Adjusted diluted earnings per share from continuing operations for the twelve months of 2012 was $4.40, an increase of 14.9% over the prior year period.
This increase reflects additional sales volume and the introduction of new products to the marketplace, improved pricing, gross profit expansion, and reduced tax expense. The improvement in profitability was partially offset by investment in sales,
marketing and research and development.
OTHER FINANCIAL HIGHLIGHTS AND KEY PERFORMANCE METRICS
Depreciation expense and amortization of intangible assets and deferred financing costs for the twelve months of 2012 were $94.9 million compared to $96.5
million for the prior year period.
Cash and cash equivalents at December 31, 2012 were $337.0 million compared to $584.1 million at
December 31, 2011. The decrease in cash and cash equivalents is largely attributable to the acquisition of LMA which was completed on October 23, 2012.
Net accounts receivable at December 31, 2012 were $298.0 million compared to $286.2 million at December 31, 2011.
Net inventories at December 31, 2012 were $323.3 million compared to $298.8 million at December 31, 2011.
Net debt obligations at December 31, 2012 were $692.7 million compared to $445.9 million at December 31, 2011.
The Company s financial estimates for 2013 are as follows:
Constant currency revenue growth
between 11% and 13% for full year 2013.
Adjusted diluted earnings per share in the range of $4.70 to $4.90.

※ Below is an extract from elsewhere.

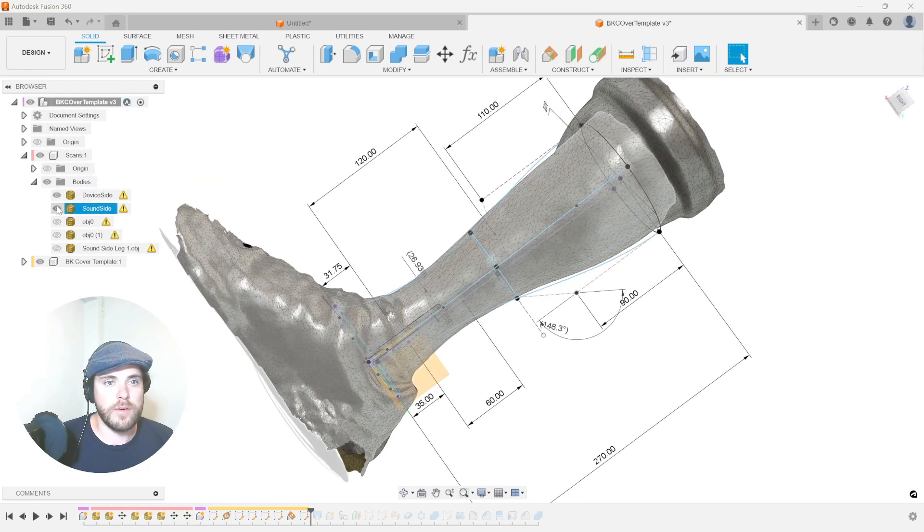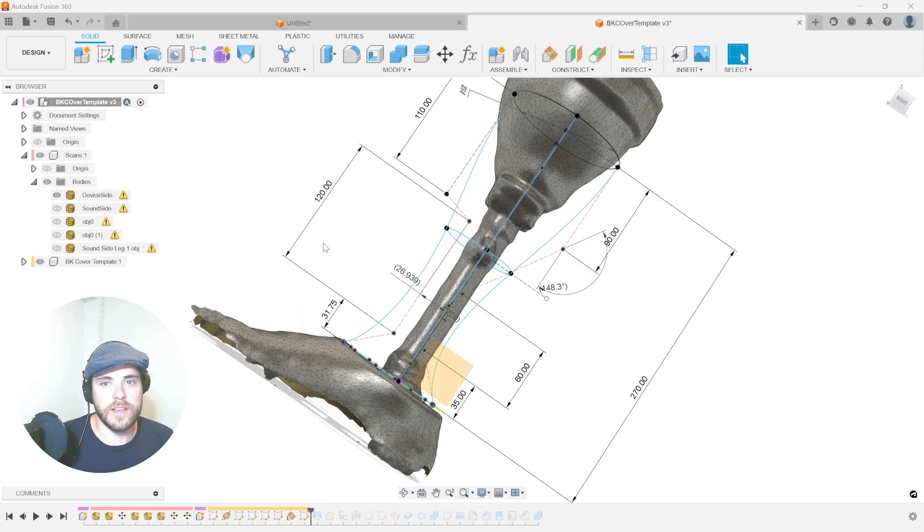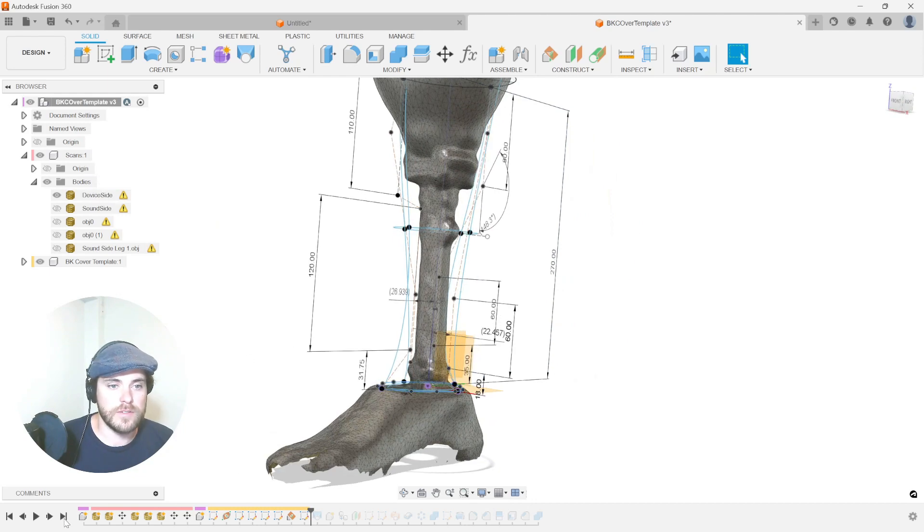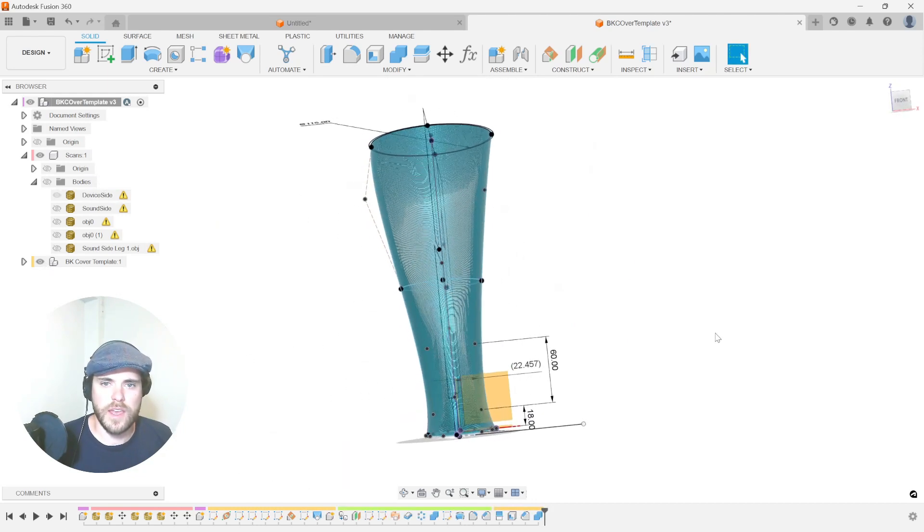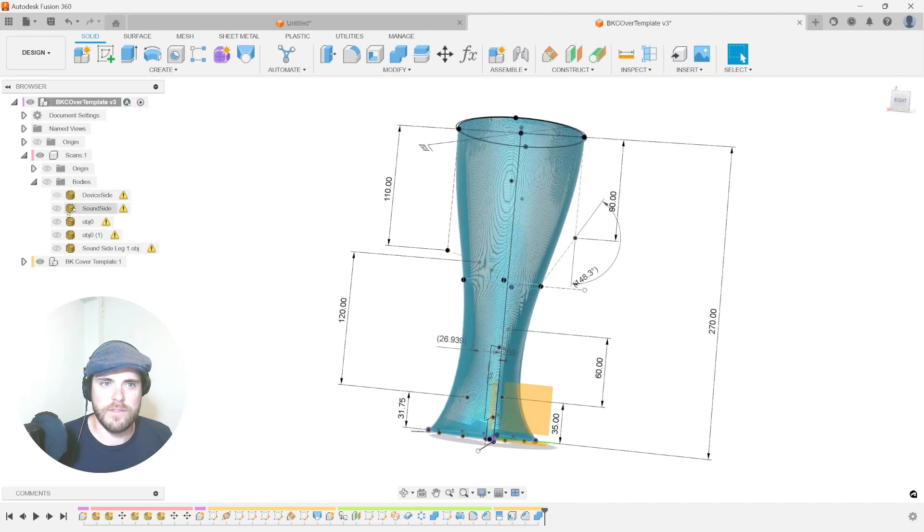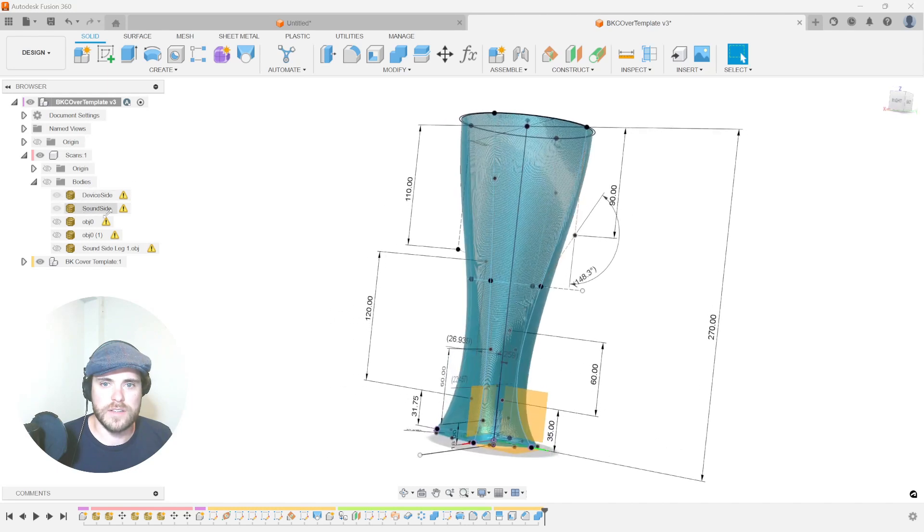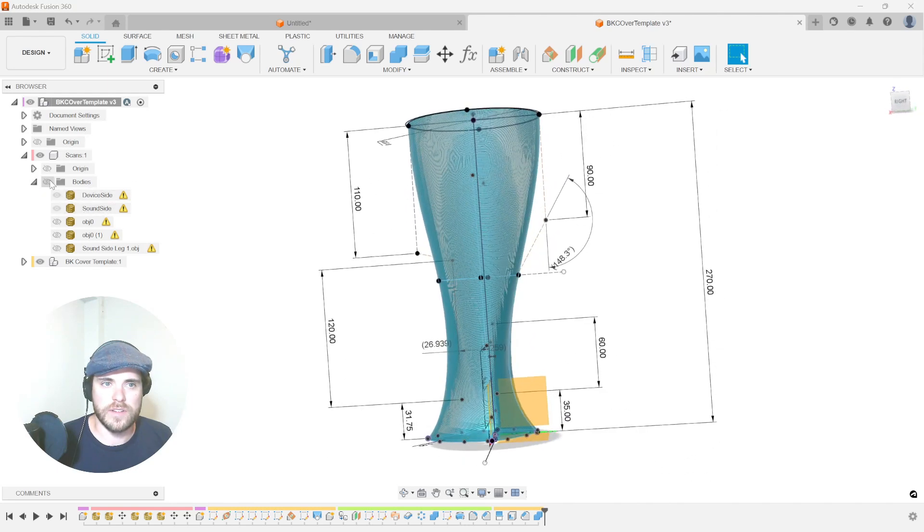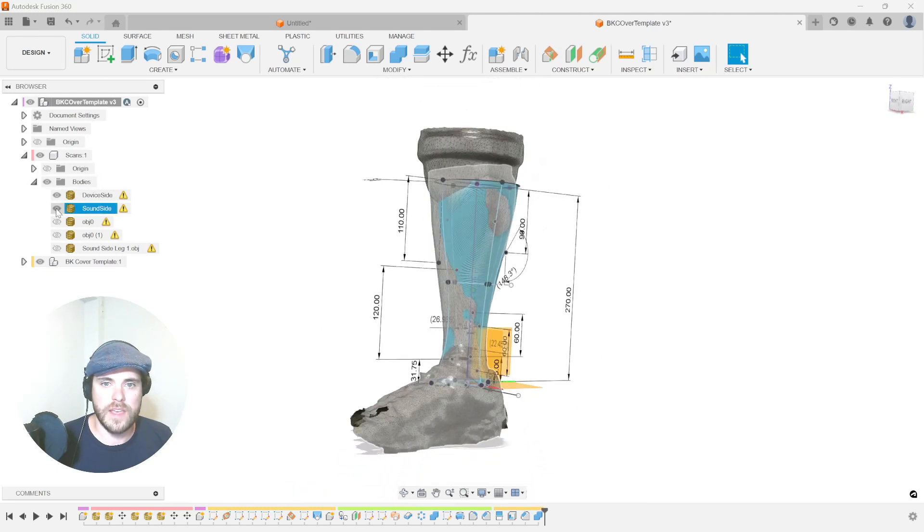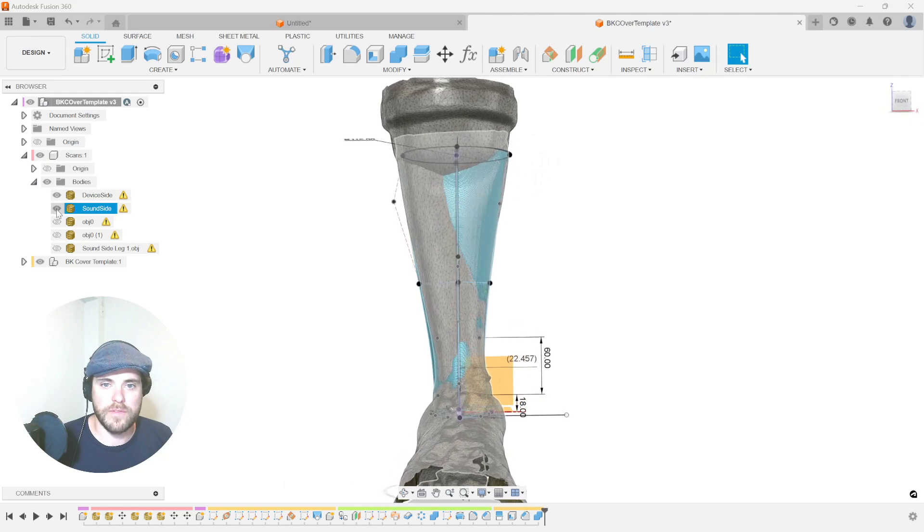We now all we have to do is just rebuild the rest of the timeline to the end. And just like that, there it is. We now have the ability to see our sound side and our device side together to see how they well fit.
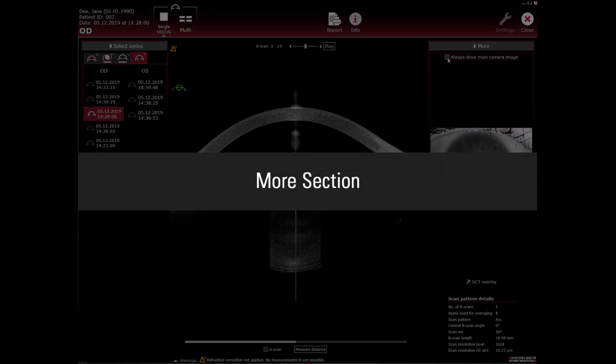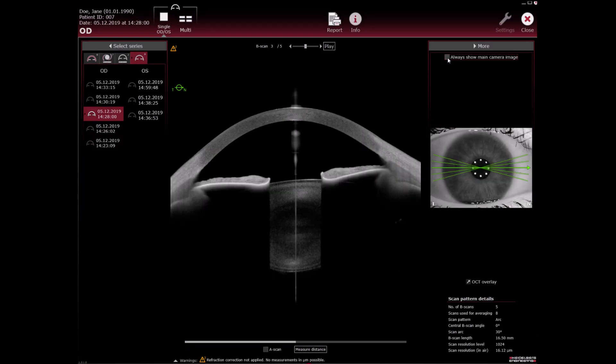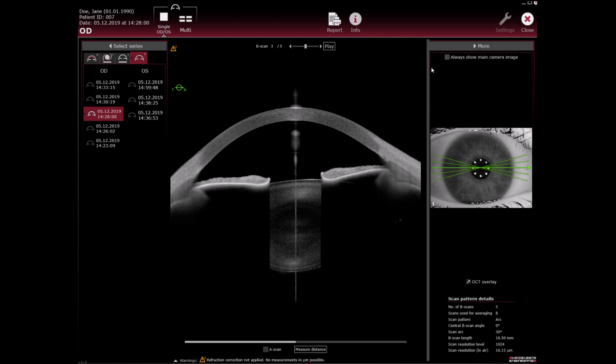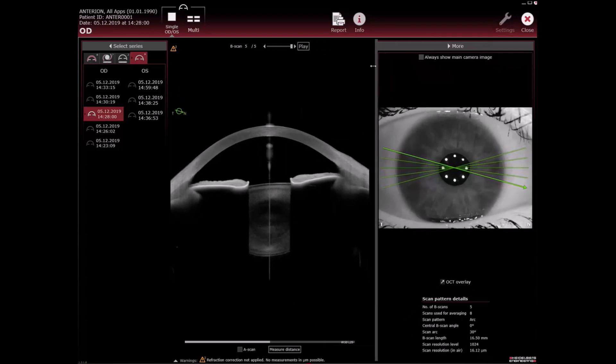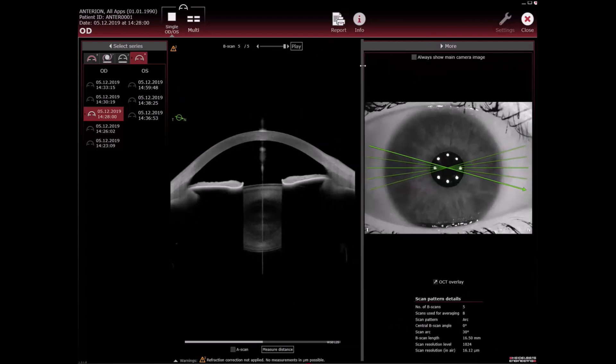More section: To change the size of the more section, hover with the mouse cursor over the border of the section until the mouse cursor switches to a double arrow symbol. Then drag and drop it to the desired size.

2013 OUTLOOK EARNINGS PER SHARE RECONCILIATION
| Low | High | |||||||
| Diluted earnings per share | $ | 3.20 | $ | 3.40 | ||||
| Restructuring and impairment charges, net of tax | $ | 0.51 | $ | 0.51 | ||||
| Intangible amortization expense, net of tax | $ | 0.82 | $ | 0.82 | ||||
| Amortization of debt discount on convertible notes, net of tax | $ | 0.17 | $ | 0.17 | ||||
| Adjusted diluted earnings per share | $ | 4.70 | $ | 4.90 |
CONFERENCE CALL WEBCAST AND ADDITIONAL INFORMATION
As previously announced, Teleflex will comment on its financial results on a conference call to be held today at 8:00 a.m. (ET). The call will be available live and archived on the company s website
at www.teleflex.com and the accompanying presentation will be posted prior to the call. An audio replay will be available until February 26, 2013, 11:59pm (ET), by calling 888-286-8010 (U.S./Canada) or 617-801-6888
(International), Passcode: 10277897.
Constant currency revenue and growth exclude the impact of translating the results of international subsidiaries at different currency exchange rates from period to period.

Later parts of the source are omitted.